Peanut Butter Falcon Shia LaBeouf Zack Gottsagen Dakota Johnson

With the story’s strict focus on Tyler and Zak, Shia and Zack shine as an unmissable duo. The true showstopper, of course, is Zack Gottsagen. There is rarely a moment where Gottsagen isn’t shining like a beam of light, able to drill his way into our hearts with a performance that transcends the material. Playing off of him, Shia’s Tyler provides context. Though Zak’s character can stand on its own, Shia is an entry point to a world that we’d rarely consider. Together, the pair are dynamite, bouncing off each other in various ways and selling the realism of this oft-times surreal fairy tale. Adding even more texture to their world, Dakota Johnson’s Eleanor isn’t a third wheel, but a contrasting perspective who helps to drive everything home toward’s the final act.
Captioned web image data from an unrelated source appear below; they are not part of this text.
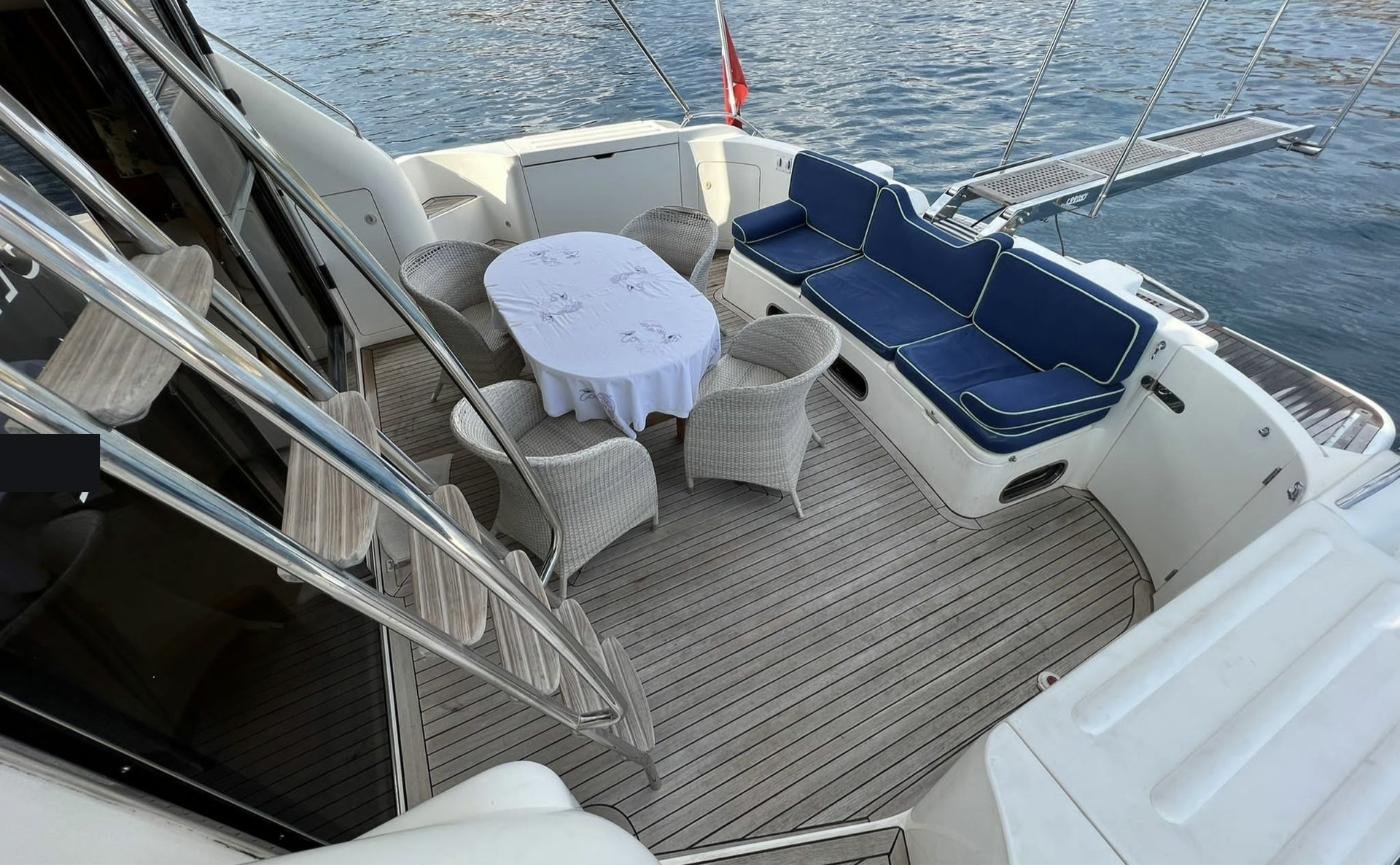 Princess 60 charter Göcek — aft deck dining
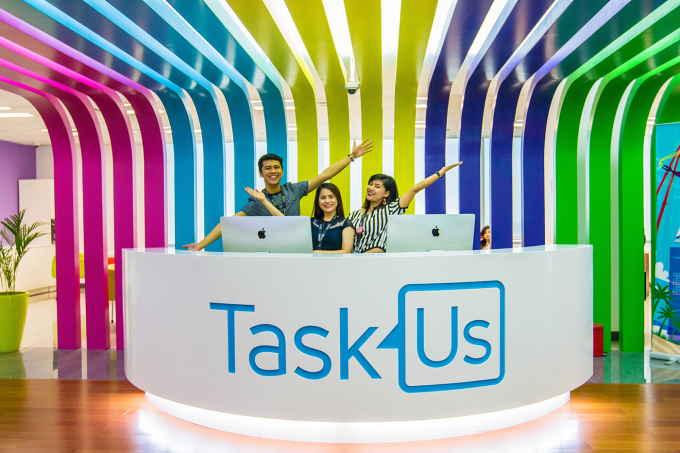 TaskUs, có trụ sở ở Santa Monica, California.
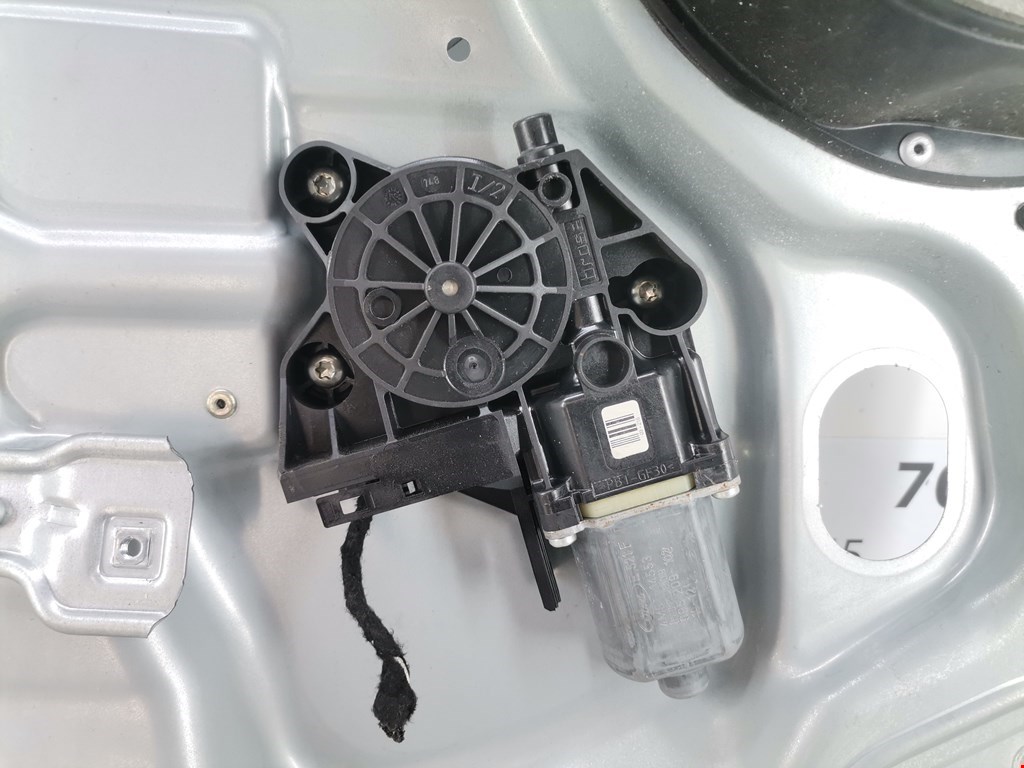 Стеклоподъемник передний правый FORD Focus II 2005-2011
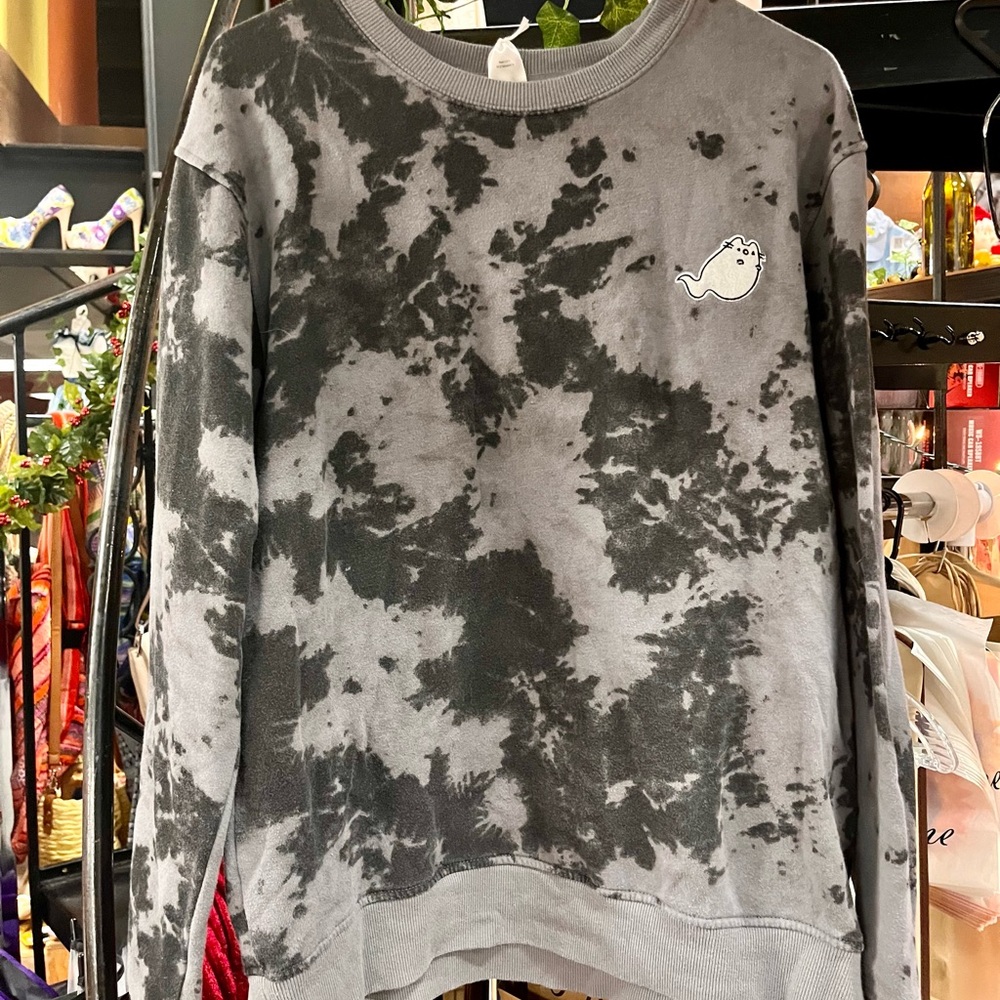 Gray Tie-Dye Sweatshirt with Ghost Pusheen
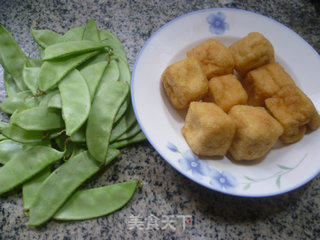 扁豆炒油豆腐的做法步骤：1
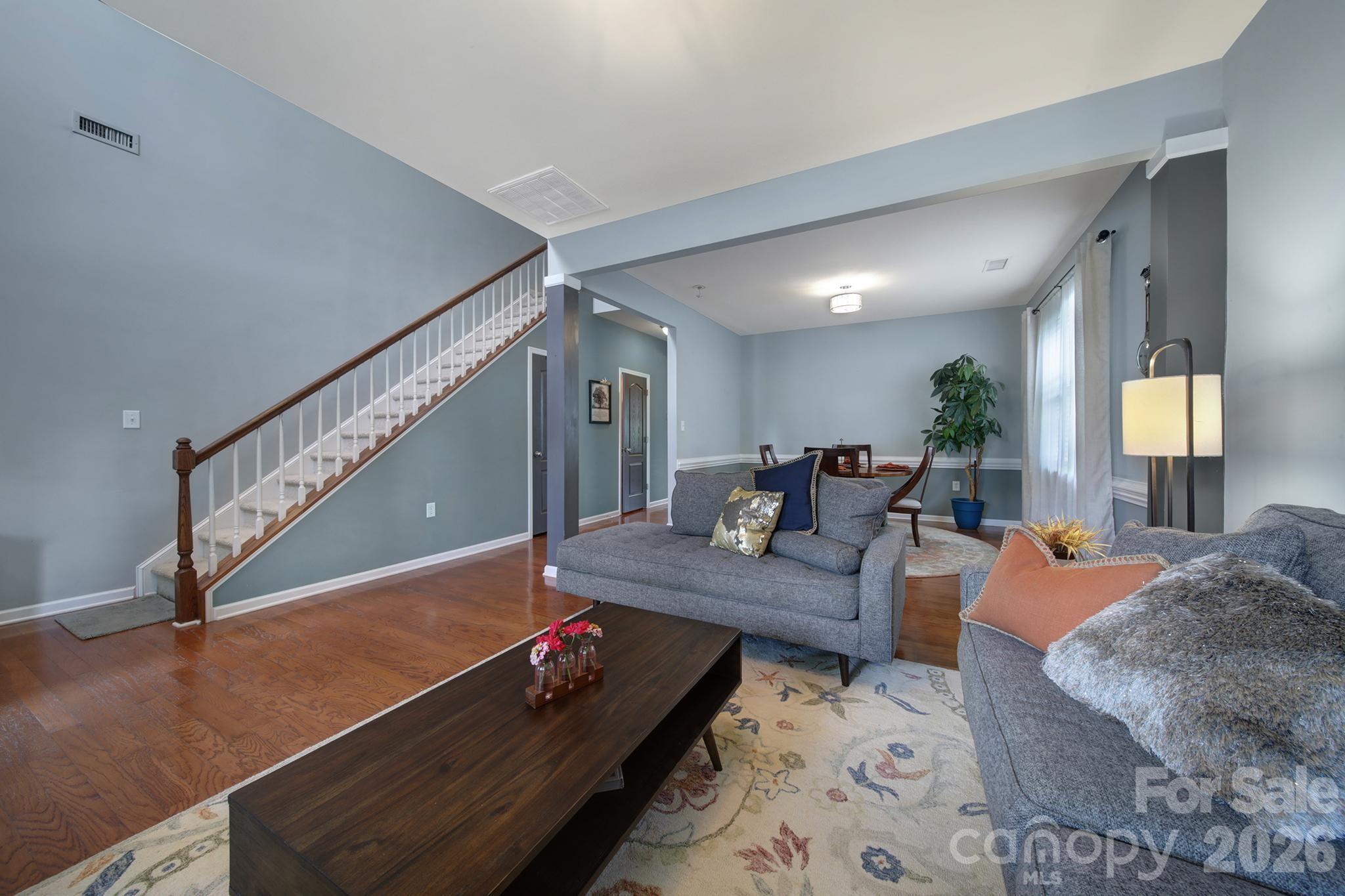 222 Juanita Drive — Pineville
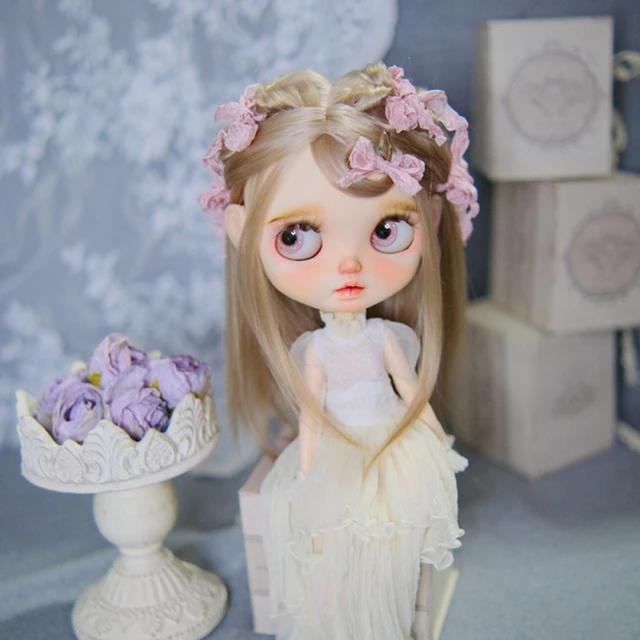 blythe doll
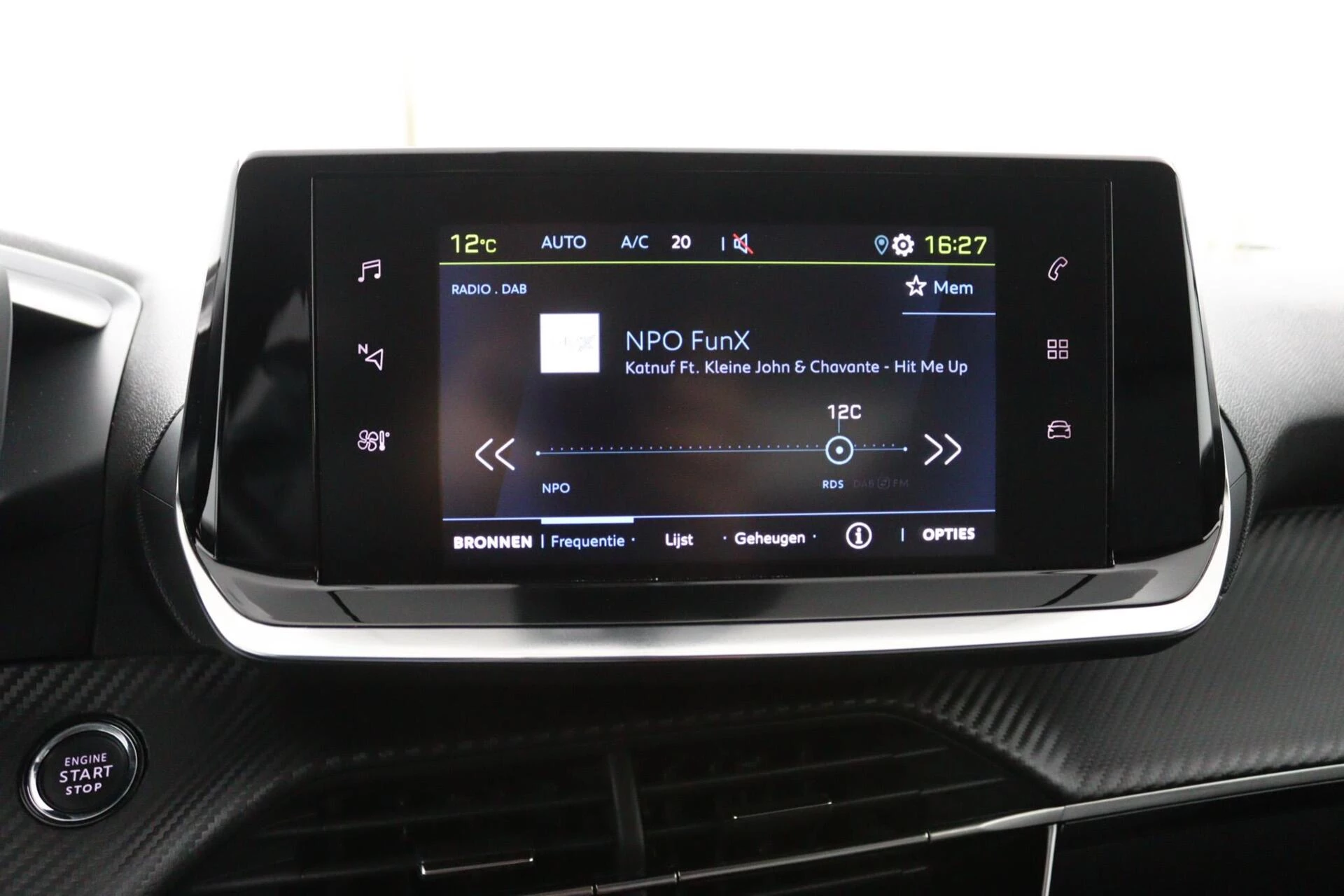 Hoofdafbeelding Peugeot e-2008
Films that handle mental disability can be difficult to pull off. Most times they come off as crassly exploitive or cling to surface theatrics. Though The Peanut Butter Falcon does succumb to an oversimplified conclusion, its heart is real, making it a special achievement that feels truly enriching. I came out of the film feeling wonderful and not in a way that quickly fades. This is a film that forces us to really reevaluate the world we live in and what it all means. With its focused minimalism and the humanity at its core, this is a timeless story that makes us want to be and do better.